▶ Collected data

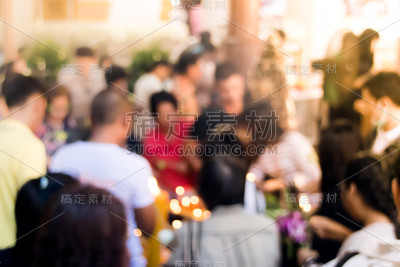 模糊的佛教徒谁拿着蜡烛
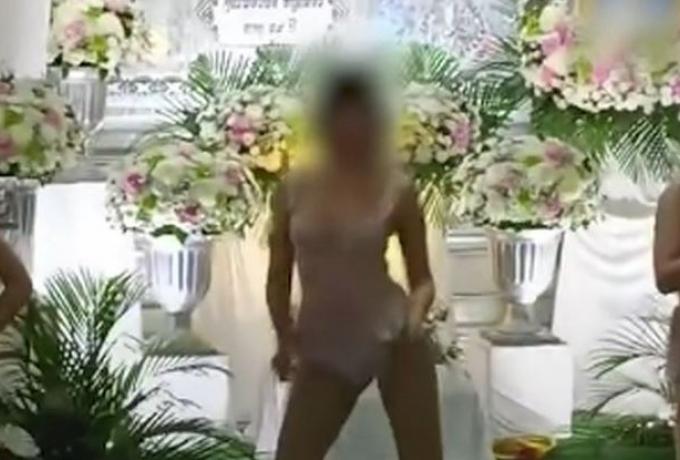 ΔΙΕΘΝΗ - Κηδεία με... πάρτι και χορεύτριες - Η τελευταία επιθυμία ενός 58χρονου ΔΙΕΘΝΗ - Κηδεία με... πάρτι και χορεύτριες - Η τελευταία επιθυμία ενός 58χρονου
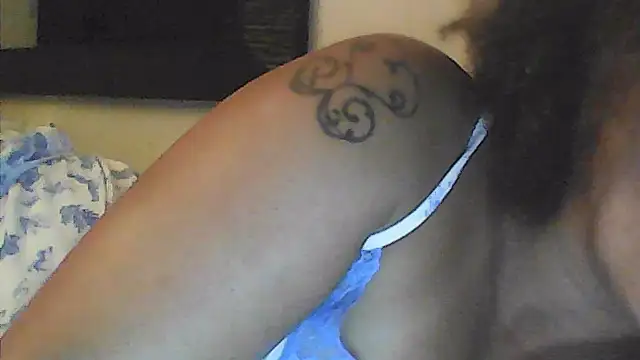 sarahkat86 online show from January 8, 2:03 am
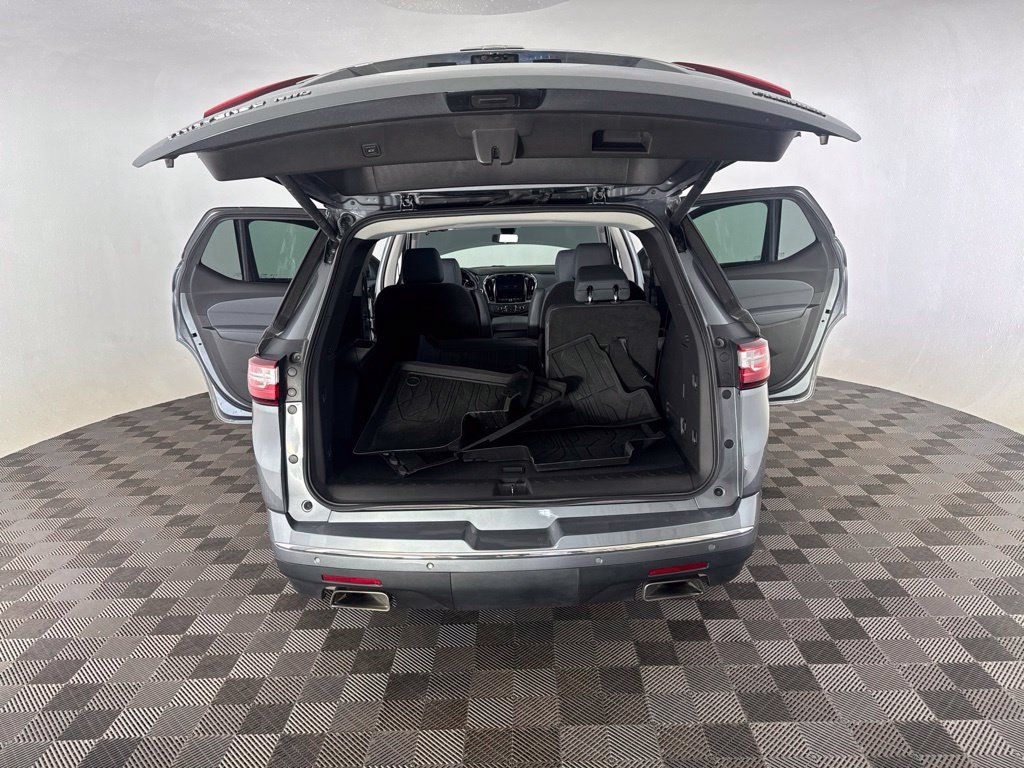Used 2021 Chevrolet Traverse Premier AWD/4WD image 17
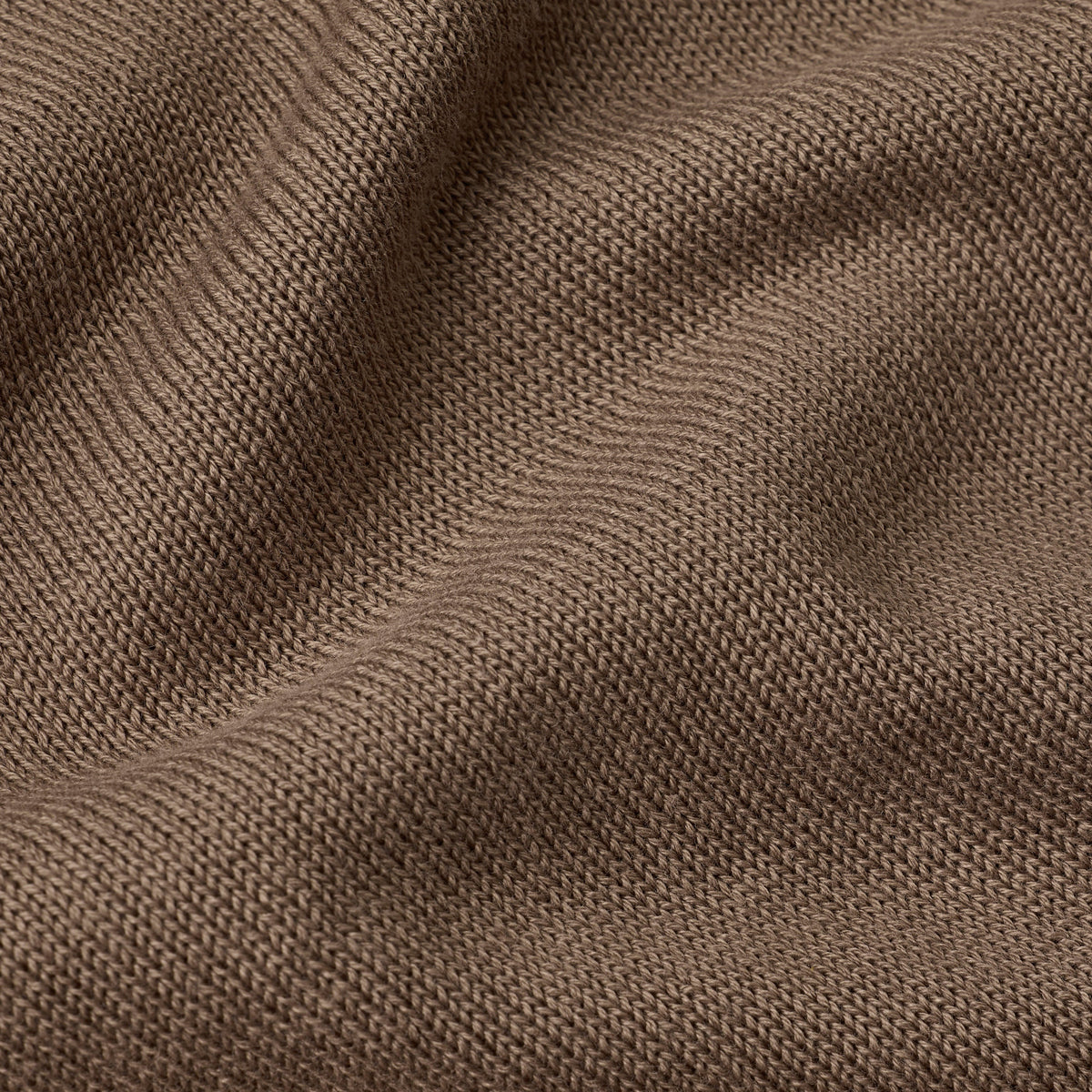 El Core Refined Full Zip tiene corte regular, cierre de cremallera completa y cuello alzado. Confeccionado en una mezcla duradera y suave.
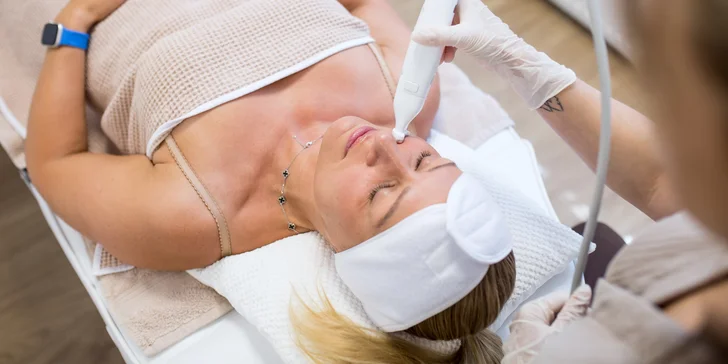 Zoštíhľujúce ošetrenia V-Shape Platinum a lifting tváre, aj permanentka na 3 ošetrenia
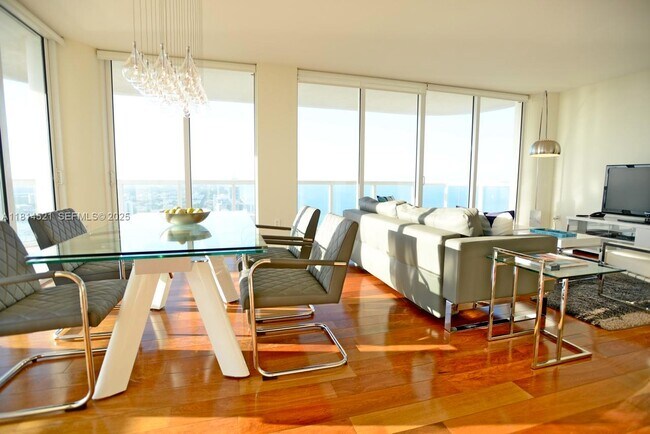 Photo - 6365 Collins Ave Unit 3908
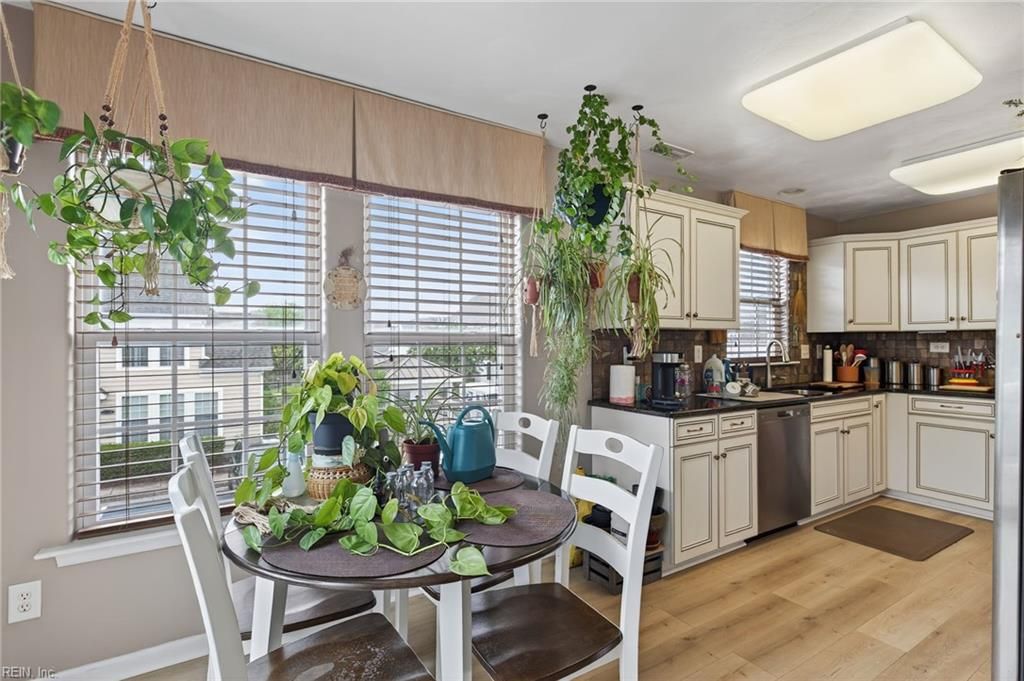 8110 Lee Hall AVE, Suffolk, VA 23435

▶ WORK ITEM
Give the data again exactly as it appears, but without any images.

▶ TASK SOLUTION
 模糊的佛教徒谁拿着蜡烛
 ΔΙΕΘΝΗ - Κηδεία με... πάρτι και χορεύτριες - Η τελευταία επιθυμία ενός 58χρονου ΔΙΕΘΝΗ - Κηδεία με... πάρτι και χορεύτριες - Η τελευταία επιθυμία ενός 58χρονου
 sarahkat86 online show from January 8, 2:03 am
Used 2021 Chevrolet Traverse Premier AWD/4WD image 17
 El Core Refined Full Zip tiene corte regular, cierre de cremallera completa y cuello alzado. Confeccionado en una mezcla duradera y suave.
 Zoštíhľujúce ošetrenia V-Shape Platinum a lifting tváre, aj permanentka na 3 ošetrenia
 Photo - 6365 Collins Ave Unit 3908
 8110 Lee Hall AVE, Suffolk, VA 23435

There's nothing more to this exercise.